The warlord strode up to the icon-bearer and clasped the champion’s head with both mighty gauntlets. His mouth moved strangely when he spoke, exposing filed iron teeth within a pair of chafed raw lips.

‘There will be blood,’ he said, soothingly, yet with a kernel of steel. ‘You know it. You will fill your belly with it. You will gag on it, and we will drink deep as we have always done.’ He patted the champion on the cheek of his helm, like a father might a child, and released his grip. Then he turned away, running a frigid gaze across the beaten remnants of the bloodreaver tribe. ‘But not these. These are mine.’

He strolled up to Sleikh and stood over him. It was all Sleikh could do to meet the downward gaze, and his breathing was shallow and rapid. The warlord stooped, resting his great axe on the rocks and studying the bloodreaver coldly.

‘You are the leader.’ It was a statement, not a question, but Sleikh nodded — to deny it was pointless.

The warlord lifted the axe up, keeping the shaft-end down, and pressed the heel against Sleikh’s pulsing throat. ‘You were careless.’

He pushed down sharply, breaking Sleikh’s neck with a single thrust. Then his baleful gaze moved along, scrutinising those who remained. In his head, Rakh kept chanting the same thing, over and over, Blood for the Blood God, Blood for the Blood God, hoping he would be overlooked and the terror would pass. Even death would be preferable to enduring that lord’s attention — his heart already felt like it was fit to burst, and the sweat running down his neck chilled him.

With a grinding inevitability, though, the warlord’s deathly gaze came to rest on him.

‘Do you know my name?’ the warlord asked, and just listening to those words felt like his bones were being pulled from his body.

Rakh managed to shake his head.

‘I am named Korghos Khul,’ the warlord told him, working his black tongue sinuously over the syllables. ‘Seven warlords of seven keeps offer me tribute in living flesh lest I return to tear their lungs from their unworthy chests. Even now my army marches, and this is but a tithe of those who follow me.’

Rakh wanted to scream. He would have done anything — anything — to escape those glowing eyes.

Khul stooped, coming closer, and foul vapours from his cloak wafted over him.
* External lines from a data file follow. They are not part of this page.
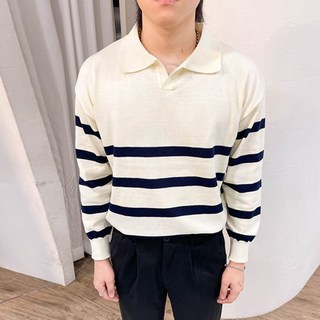 24ROAD 男款 Disemon 條紋翻領針織衫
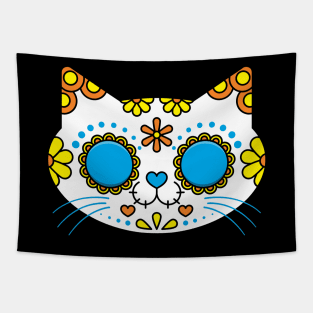 Sugar Skull Cat Tapestry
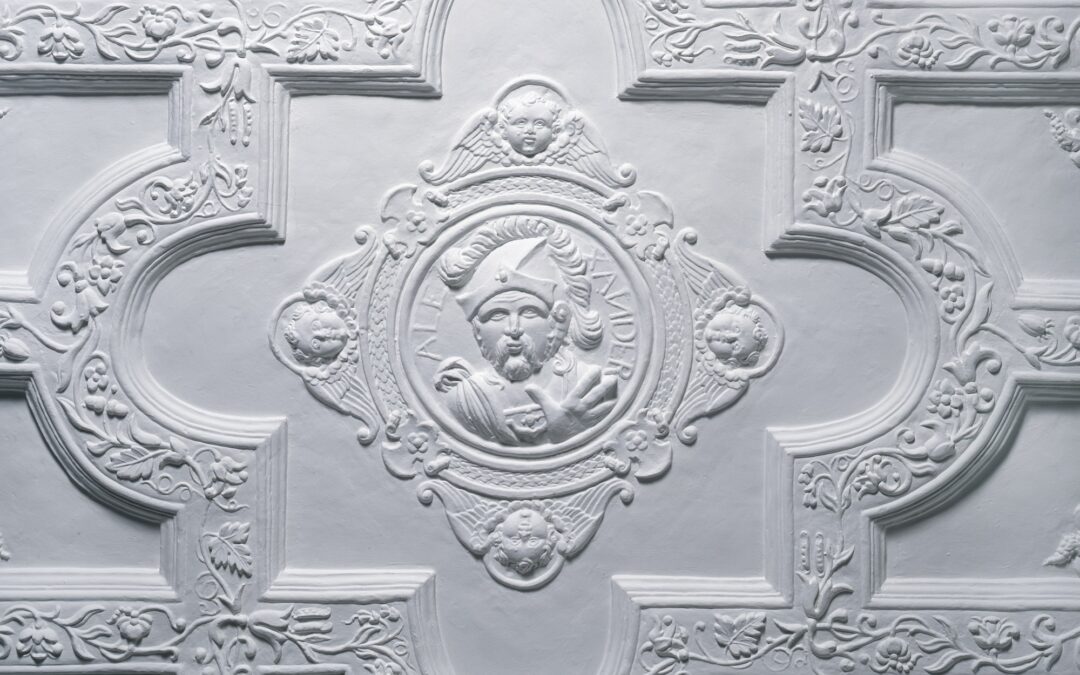 Molded plaster ceiling with heroes of the ancient world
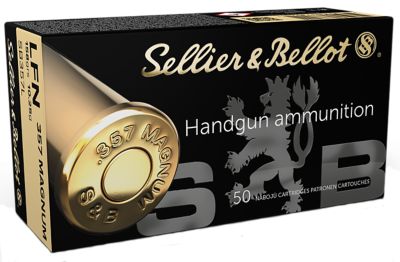 Sellier & Bellot .357 Magnum 158-Grain Lead Flat Nose Handgun Ammunition, 50 Rounds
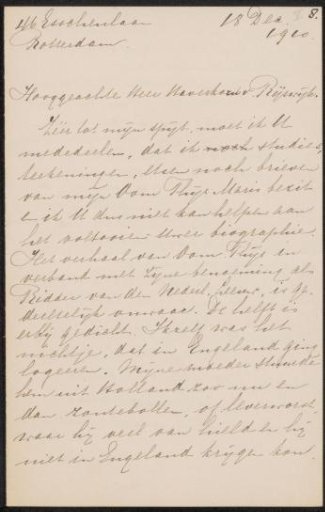 Letter to Pieter Haverkorn van Rijsewijk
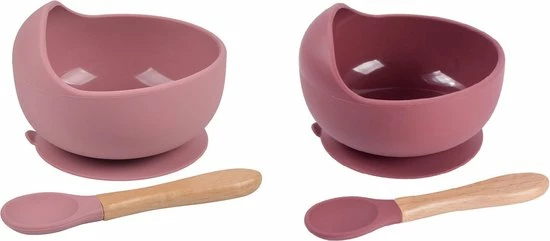 MINIIYOU 2 Stuks - Baby Bordjes Met Zuignap Met Lepel - Roze - Siliconen Kommetjes 3 MINIIYOU 2 Stuks - Baby Bordjes Met Zuignap Met Lepel - Roze - Siliconen Kommetjes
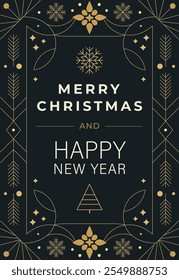 Merry christmas card design with simple geometric christmas tree. Season greeting banner, poster, brochure, web. Happy holidays text. Modern luxury style. Trendy flat design vector illustration.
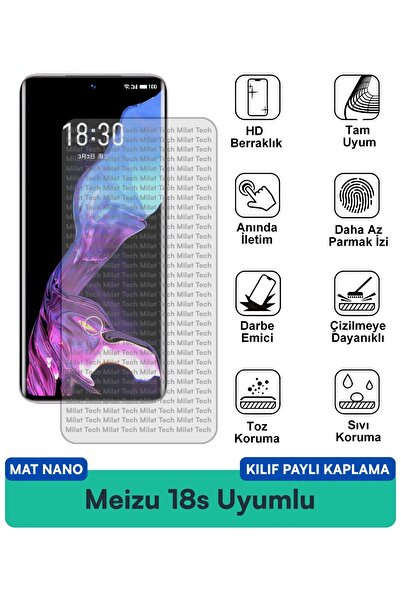 Milat Tech حافظة Meizu 18s Matte Nano متوافقة مع واقي الشاشة ومضادة لبصمات ال...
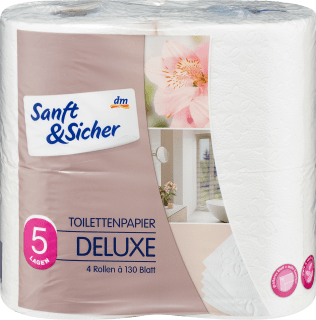 Toilettenpapier Deluxe 5-lagig (4x 130 Blatt) Sanft&Sicher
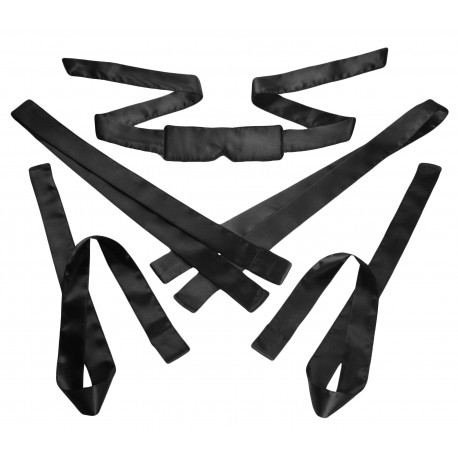 Bordeaux Black 5 Piece Satin Bondage Set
The daemon-hound slunk around his feet, glaring at Rakh with a hungry leer.

‘I seek the final skull,’ Khul said softly, his voice a purring growl. ‘I seek the zenith for my tribute. I have scoured the southlands for a hundred years, and none linger there worthy of my blade’s edge. I have laid the cities of kings low, ever seeking the one who in death could finish this great work, and all I find is dross and wastage.’

As the warlord spoke, Rakh saw visions swirl before him, pushed into his mind by Khul’s malign will. He saw great vistas spin away from him, each one glimmering with the ever-present smouldering of flame, cracked by magma, dominated by the smoking ruins of destroyed keeps. He saw armies marching, whole legions of red and gold, their helms lit by the churning of lurid skies.

And beyond all of them, far away, overlooked by eternal night and flanked by towers of beaten bronze, was a pyramid as vast as a mountain, its sides mottled and irregular. Only as Khul spoke did Rakh realise what it was made of — skulls, thousands upon thousands of them, heaped high and lodged fast, their empty eye sockets like flecks of midnight amid the sheen of picked-clean bone.